Comme le dit Christopher Tolkien lui-même, son édition des ouvres de son père n’est en rien critique. Mais elle peut sans doute le devenir en s’en donnant les moyens. Pour cela, il faut, au minimum établir :


a) Une Synopsis : il s’agit de faire le relevé des différents manuscrits et tapuscrits existant pour chaque conte, les numéroter, les dater, et donner la cote des bibliothèques d’Oxford (UK) et de Marquette (Milwaukee, USA) quand on peut la préciser. Les catalogues de ces bibliothèques permettent ce genre de travail jusqu’à un certain point. Engager ce travail pour les premiers volumes serait ainsi le galop d’essai d’un projet plus vaste de Synopsis de toute la série Home visant à pouvoir remonter la généalogie de chaque conte du Silmarillion. A cet effet, nous donnons d’ores et déjà une table de correspondance des chapitres entre les chapitres du Silmarillion et ceux du Livre des contes perdus.
A la critique externaliste (date et localisation des manuscrits de Tolkien) s’ajoutera dans la mesure du possible des éléments de critique interne (qui raconte quelle histoire ? à quel moment ? à quelle époque appartiennent les événements que tel conte décrit ?).

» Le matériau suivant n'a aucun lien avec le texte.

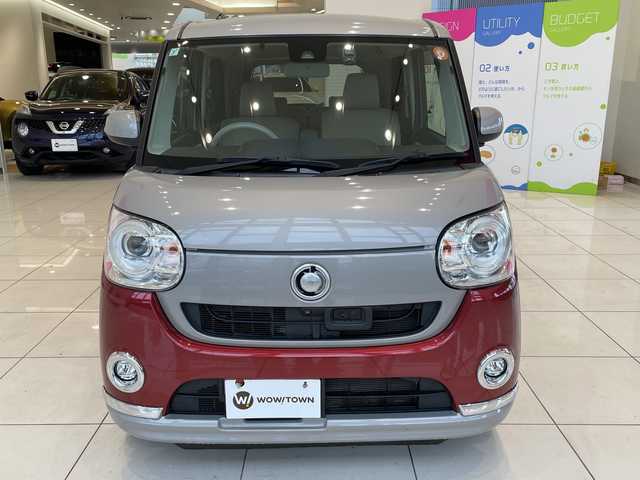 ダイハツ ムーヴ キャンバス G メイクアッフ SA Ⅱ 埼玉県 2017(平29)年 4.6万km スムースグレーマイカメタリック/ファイアークォーツレッドメタリック 2トーン スマートアシスト/純正8インチナビ/　　CD/DVD/BT/USB/HDMI/フルセグ/全方位カメラ/両側電動スライドドア/ETC/スマートキー×2/禁煙車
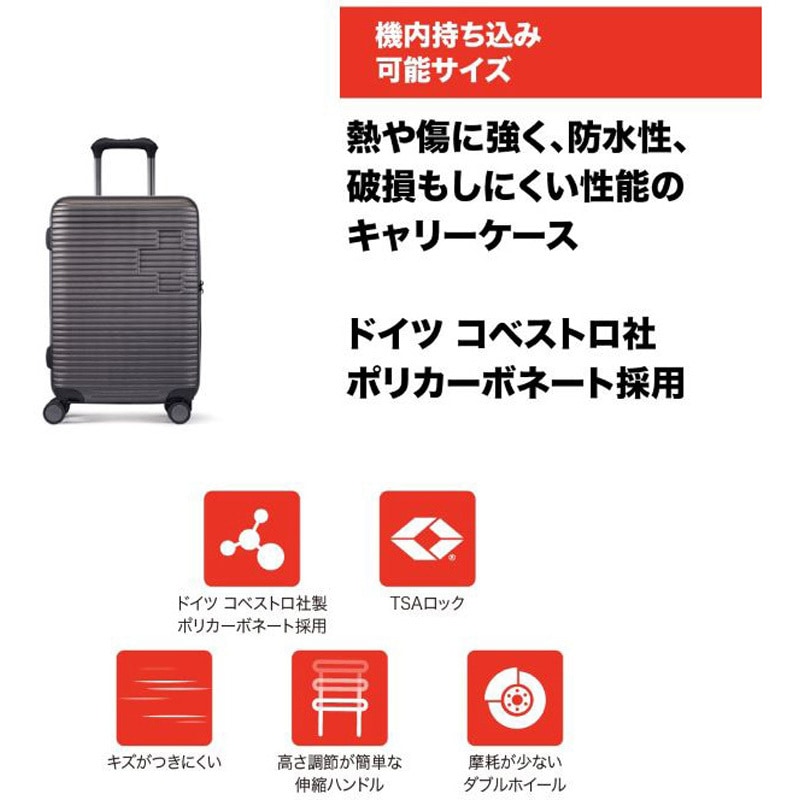 (美品)本革スーツケース 9割新品 SM-HB920 GRAY COLORIS(コロリス) スーツケース 54cm 機内持ち込み可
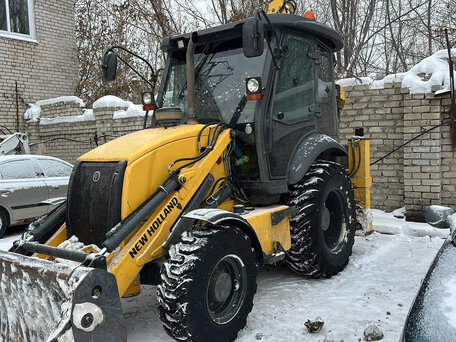 2021 New Holland B80B, жёлтый, 5980000 рублей, вид 2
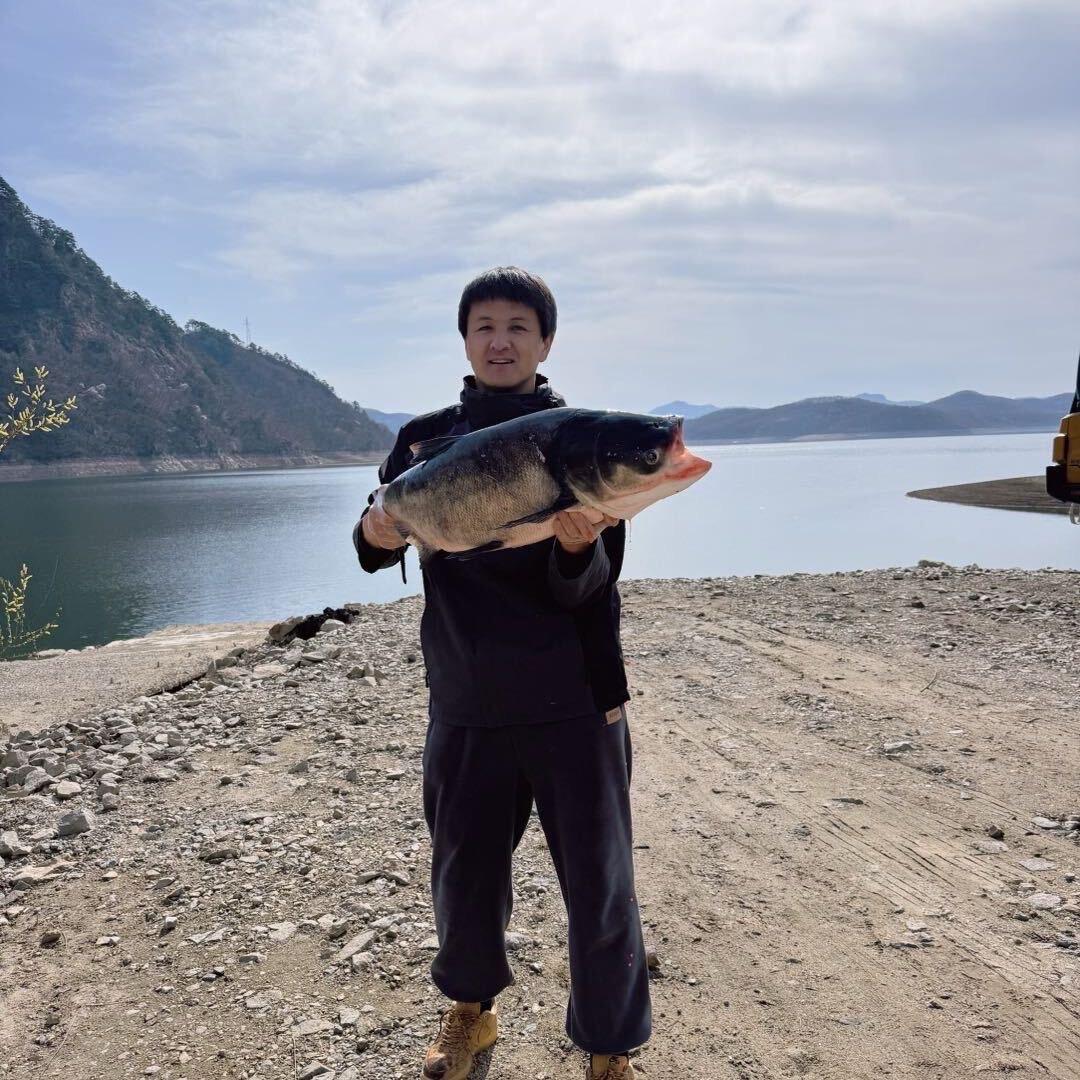 桓仁水库家维坝上鱼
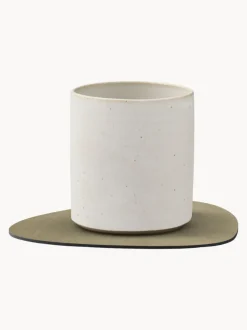 Posavasos asimétricos de cuero Curve, 4 uds.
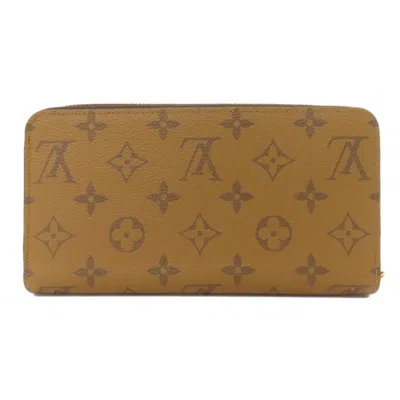 Pre-owned Louis Vuitton Brown Monogram Reverse Monogram Reverse Long Wallet (bi-fold) ()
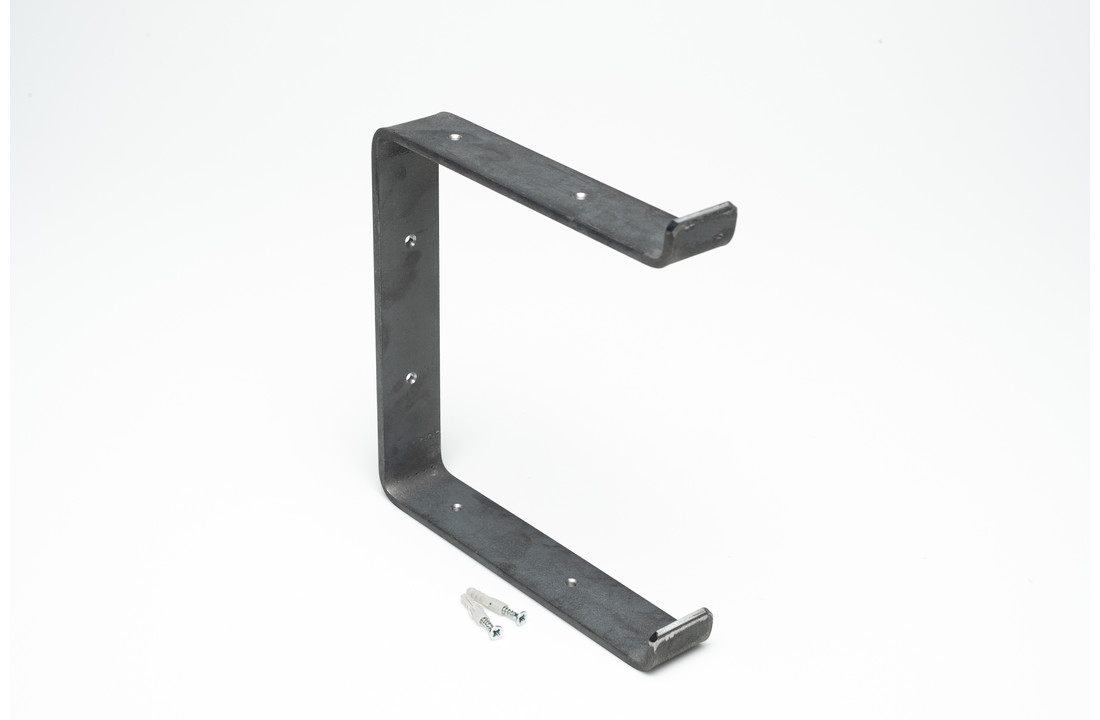 Double steel open wall bracket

b) Une Chronologie des rédactions et documents contemporainsLes Contes perdus sont parfois chronologiquement emmêlés, il s’agit d’en démêler l’écheveau. Un tableau récapitulatif des différents états des textes (rendus possible par le Synopsis) est donc le second instrument de travail qui permettra de connaître le premier Tolkien. Nous disposons par ailleurs de documents contemporains des Contes perdus, il s’agirait d’en faire le recensement pour voir ce qui était à la disposition de Tolkien à tel ou tel moment.

Certains de ces documents sont évoqués et non encore publiés, là encore la liste serait à constituer pour nous permettre de faire le point et de voir ce qu’il faut encore aller voir dans les bibliothèques d’Oxford et de Marquette et, qui sait, un jour prochain, de les publier. Cette tâche nécessite de mobiliser toutes les lectures que chacun a pu effectuer. Il est clair que cela concerne tous les aspects de la vie et de l’ouvre de Tolkien. Il existe des papiers militaires publiés dans Life and Legend par exemple, d’autres dans Artist & Illustrator, des dessins, des travaux linguistiques elfiques, etc. : tous ne sont pas publiés. Mais puisqu’au détour d’une phrase, certains documents sont évoqués, dresser l’inventaire de ce qui manque pour la compréhension de cette phase nous sera précieux.


c) Corrigenda :

La traduction française n’est pas exempte d’erreurs (coquilles, absence de renvoi, index non traduit…). Dressons-en la liste pour que chacun bénéficie de l’acribie de tous. Christopher Tolkien lui-même a corrigé dans d’autres volumes certaines déclarations (voir par exemple dès la préface du t. II) ; reportons-les pour nous permettre d’approfondir notre lecture des textes.

 

2. Lectures ou Interprétation

Plusieurs étapes de développement des légendes qui mèneront au Silmarillion se doivent d’être différenciées. Je distinguerai volontiers l’original du fondamental et de l’originel. Je soumets ces catégories à l’épreuve de votre jugement.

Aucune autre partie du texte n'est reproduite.